*** Input data ***

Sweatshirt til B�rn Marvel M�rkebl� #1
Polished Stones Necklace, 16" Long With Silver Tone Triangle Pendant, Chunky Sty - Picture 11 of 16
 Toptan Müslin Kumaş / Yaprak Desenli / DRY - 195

*** End of Input data ***

▸ **Assignment**
From the first line to the last, write out the data exactly.

▸ **Response to this task**
Sweatshirt til B�rn Marvel M�rkebl� #1
Polished Stones Necklace, 16" Long With Silver Tone Triangle Pendant, Chunky Sty - Picture 11 of 16
 Toptan Müslin Kumaş / Yaprak Desenli / DRY - 195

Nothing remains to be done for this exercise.